Charities across Canada have been urging the federal government to provide the same tax treatment to the donation of shares in private companies and real estate as currently applies to gifts of publicly traded shares. The case for including this measure in the budget on March 19 is very compelling.
The elimination of the capital gains tax on gifts of listed securities in the 2006 budget has resulted in gifts of stock of more than $1-billion virtually every year since 2006. It is estimated that extending this measure would result in additional donations to charities of $200-million a year. The fiscal cost to the government of the forgone capital gains tax would be around $50-million to $65-million. The cost of the charitable donation tax credit is the same as for gifts of cash. The fiscal cost of the proposal is shared by the government (i.e. the taxpayer) and the donor. Direct government spending is borne 100 per cent by the taxpayer.
This measure would enable Canada’s charities to access donations of these appreciated capital assets on the same terms as our U.S. counterparts, with whom we compete for the best and brightest talent. It would also address an inequity in the current Income Tax Act. Entrepreneurs who take their company public are exempt from capital gains tax on donating shares to charities, whereas entrepreneurs who keep their company private do not have the same benefit.
There are 109,000 members of the Canadian Federation of Independent Business and they are all private organizations.

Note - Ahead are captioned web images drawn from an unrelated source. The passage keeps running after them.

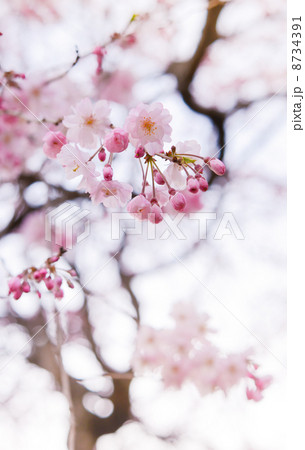 桜の花 8734391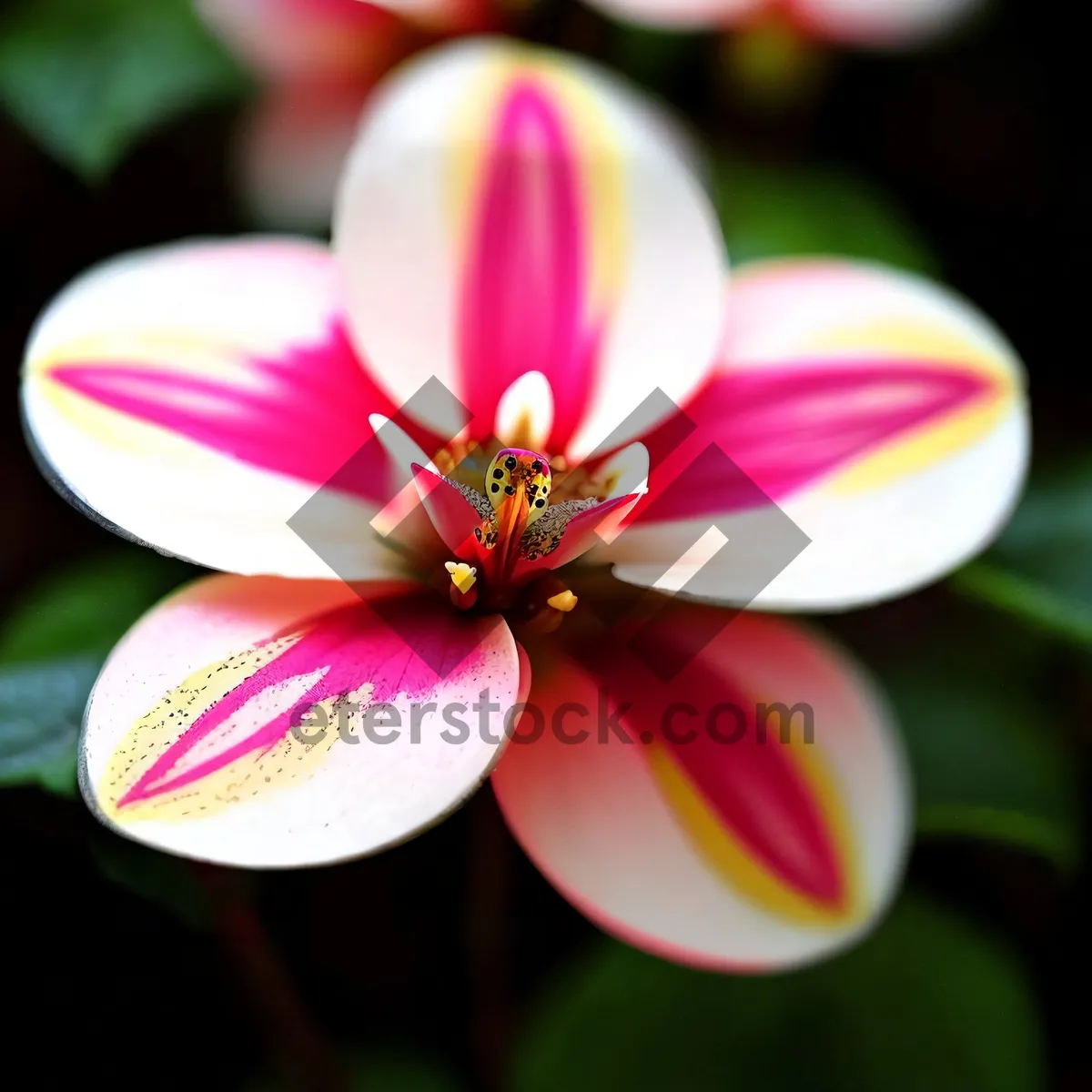 Picture of Periwinkle Lotus Blooming in Water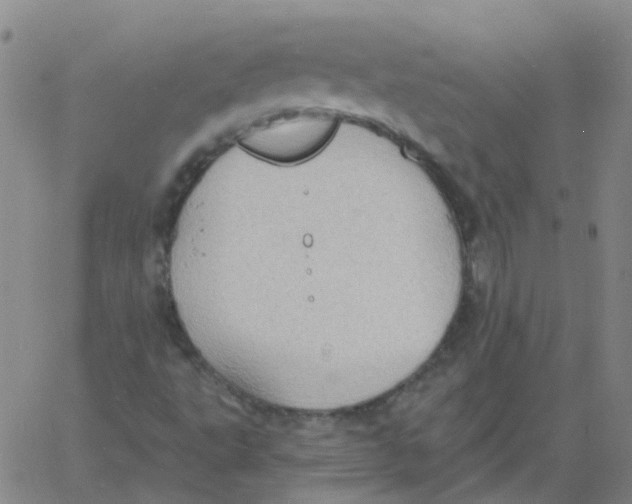 X0000060791495200512082110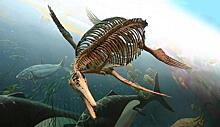 Копия найденного в Дагестане скелета ихтиозавра передана в республиканский музей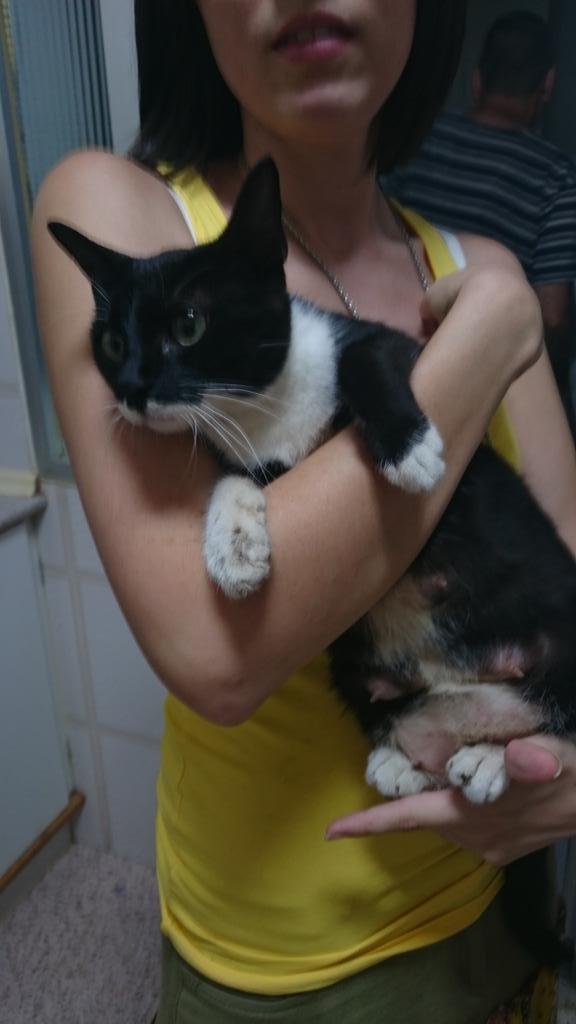 Rocio93ct's tweet photo. Esta gatita busca un hogar, no podemos tenerla porque mis otros gatos no la aceptan,  es cariñosa y casera. URGENTE http://t.co/AoffI8btGh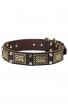 English Bull Terrier Collar with Vintage Brass Plates and Nickel Studs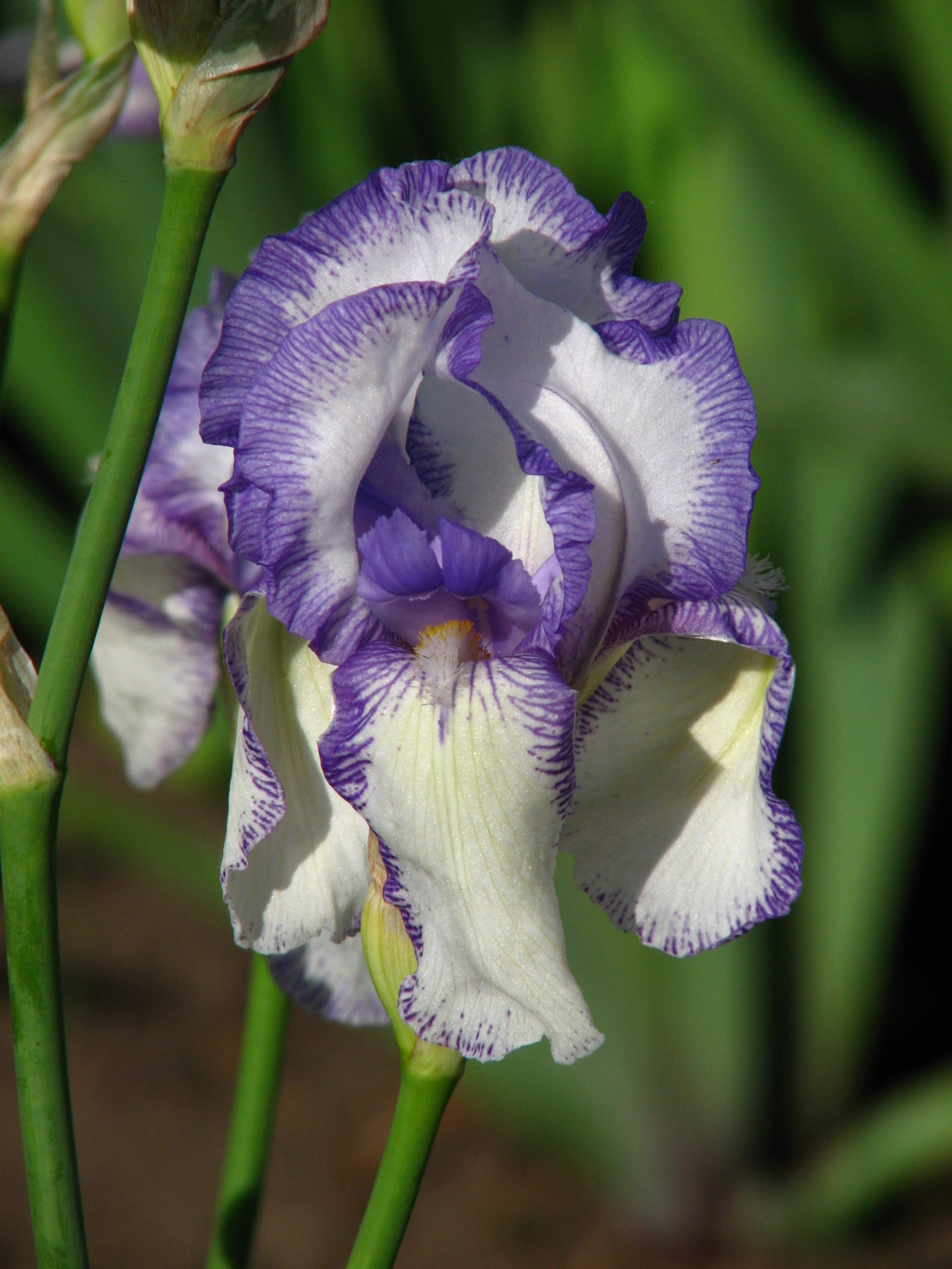 Deux iris plicata [id. en cours - Squalens] Iris_m12
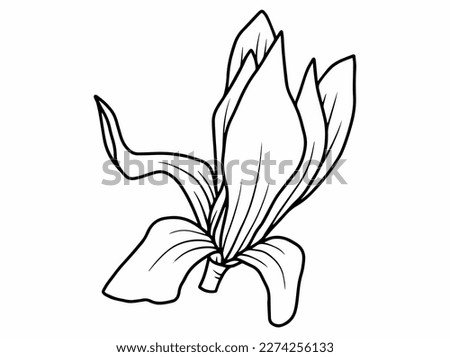 Hand drawing and sketch chrysolite flower line art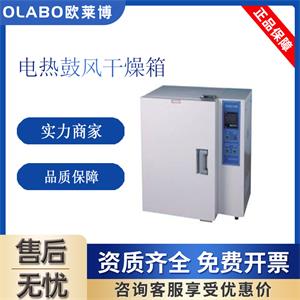 一恒高温鼓风干燥箱BPG-9050BH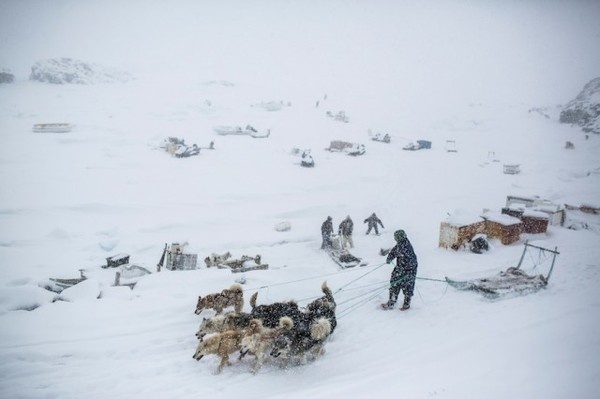 Greenland 16 #photography #dogs #greenland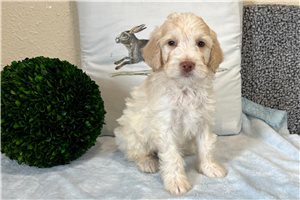 Jacob - Goldendoodle for sale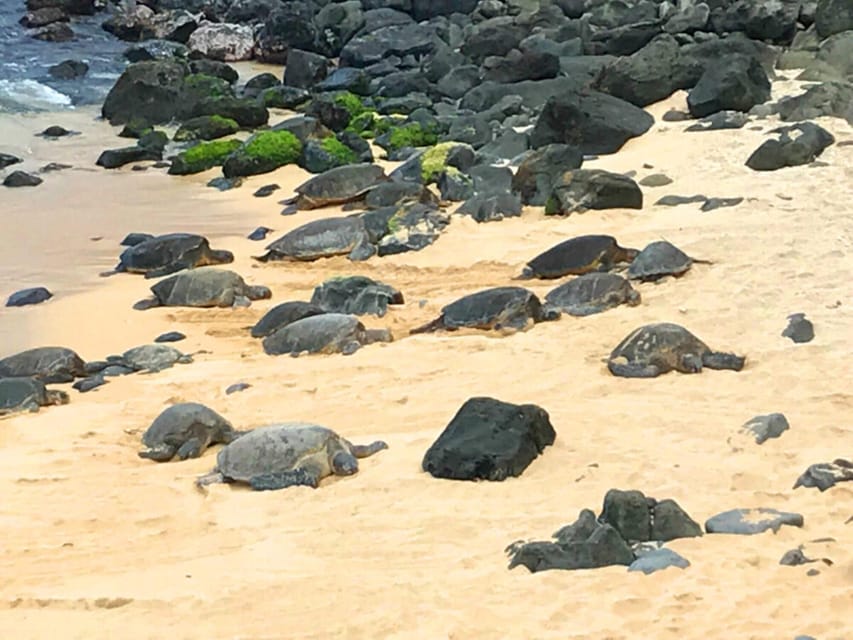 Maui: Private Halfway to Hana Tour - Starting at Maui’s North Shore with Hookipa Beach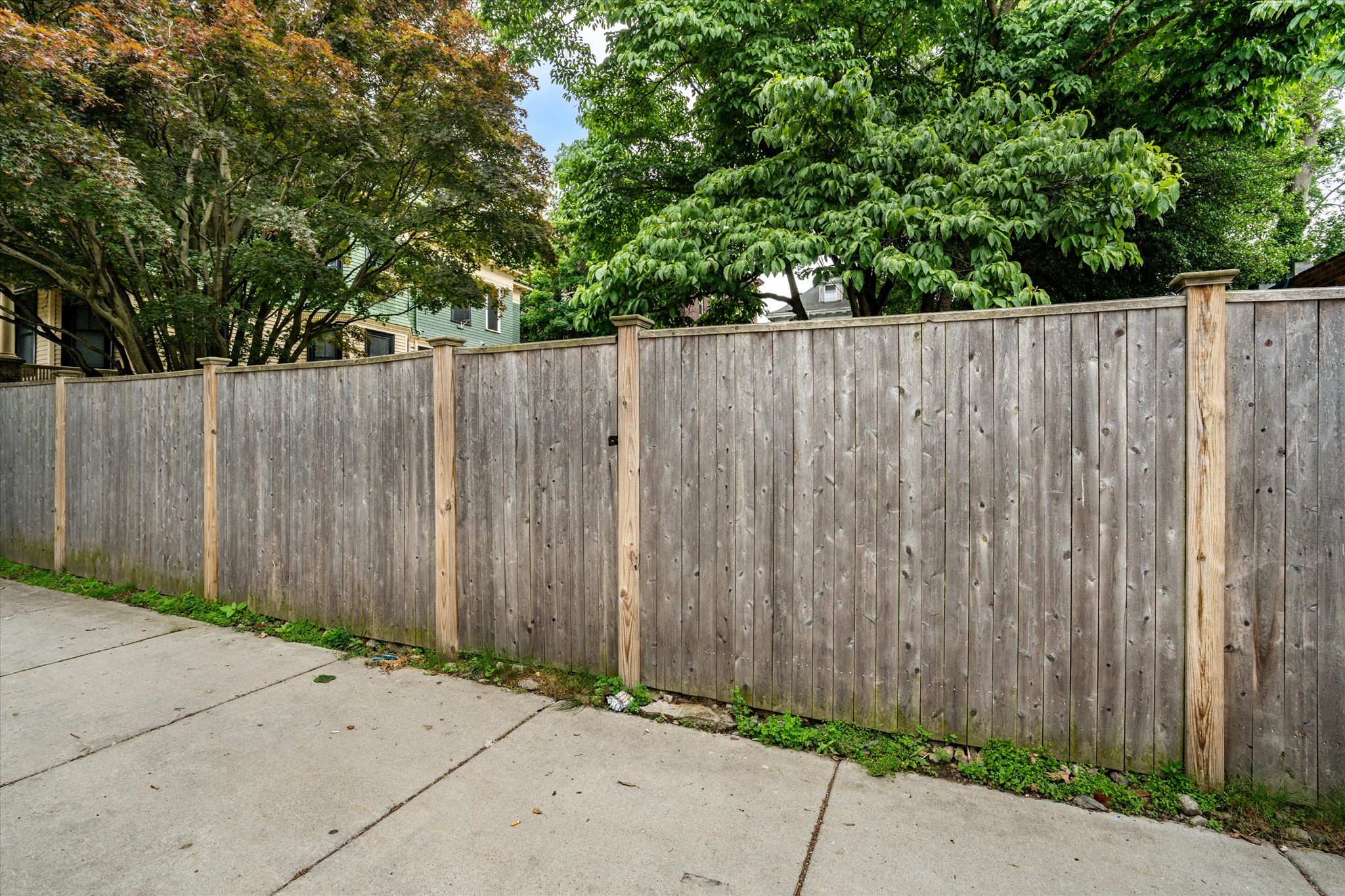 13 Homestead Street Boston, MA 02121 - Photo 30 of 30 Gallery Image 30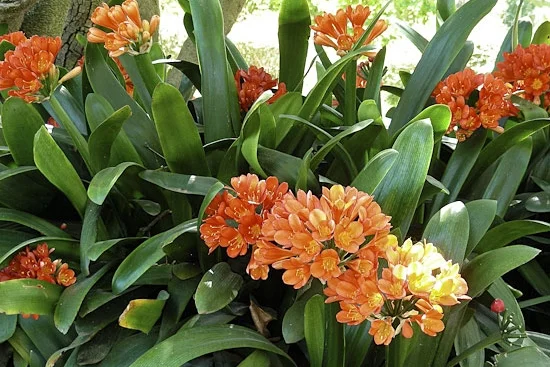 Kaffir Lily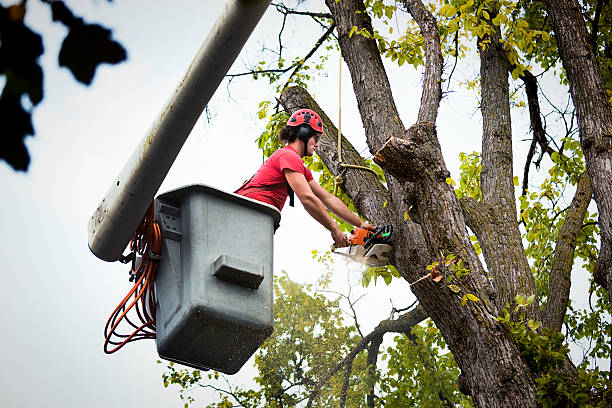 Best Tree Removal Service  in Penn Estates, PA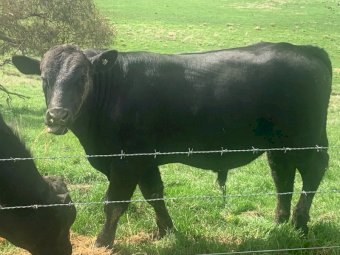 Chiangus Bull ONLY ONE AVAILIBLE!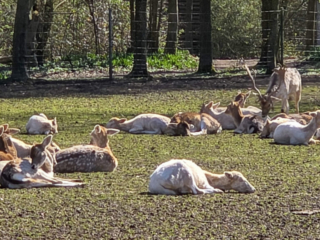 Br&uuml;ckenkopfpark J&uuml;lich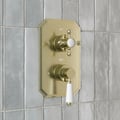 Traditional Concealed Shower Valves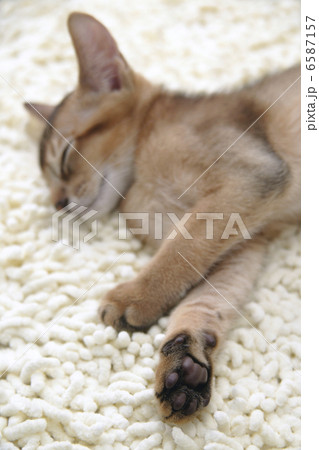 CATS 6587157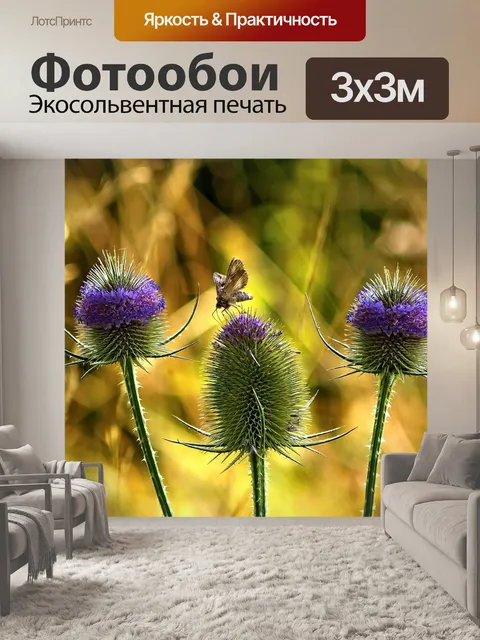 Фотообои Карта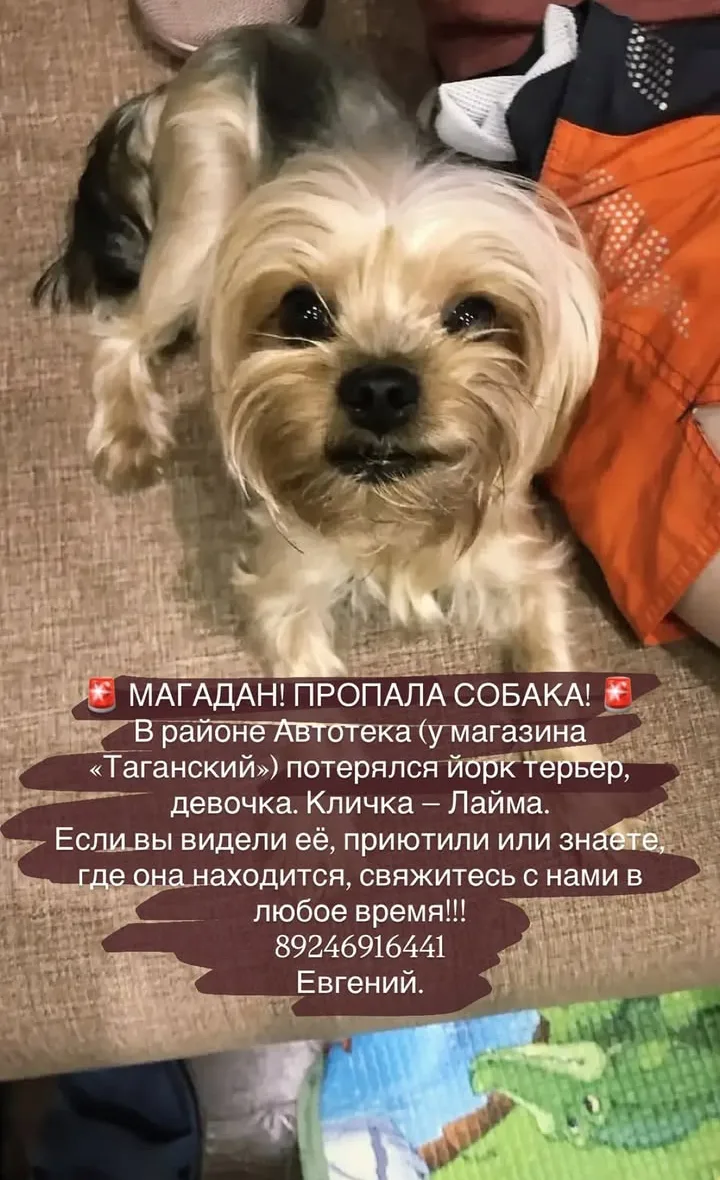 ‼️ Пропала собака‼️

Removing this inequity would give these entrepreneurs an opportunity to give back to the communities that have played an important role in their success. Also, any concern about valuation abuse is addressed by the fact that the owner must sell the asset to an arm’s-length party and donate the cash proceeds to a charity within 30 days in order to be exempt from the capital gains tax on their donation. This structure is better than the U.S. system where the donor has to transfer the ownership of the asset to the charity and the charity has to monetize the asset, which involves significant cost.
The decision on whether to include this measure in the budget is not made by the Department of Finance; it is made by the Minister of Finance with the support of the Prime Minister. Before making a decision, the Minister of Finance must consider any concerns raised by the Department of Finance. Each of these concerns are already addressed in this article. Importantly, the minister must listen carefully to charities in his constituency and their opinion on this measure. He must also listen to the feedback from Liberal MPs who have discussed this proposal with charities in their constituencies.
Governments like to have some good news in a pre-election budget and this measure would resonate with all stakeholders in the charitable sector in each province across Canada. It would result in positive media coverage and help the government address the negative media coverage it has experienced over the past few weeks. If it is not included in the budget, it is reasonable to assume that the Conservative Party will have this measure in their election platform. The Conservatives had this measure in the 2015 budget but it was not included in the budget bill so it was not passed into law.
All charities across Canada will be looking forward with anticipation to the budget that will be delivered on March 19. Their fingers are crossed.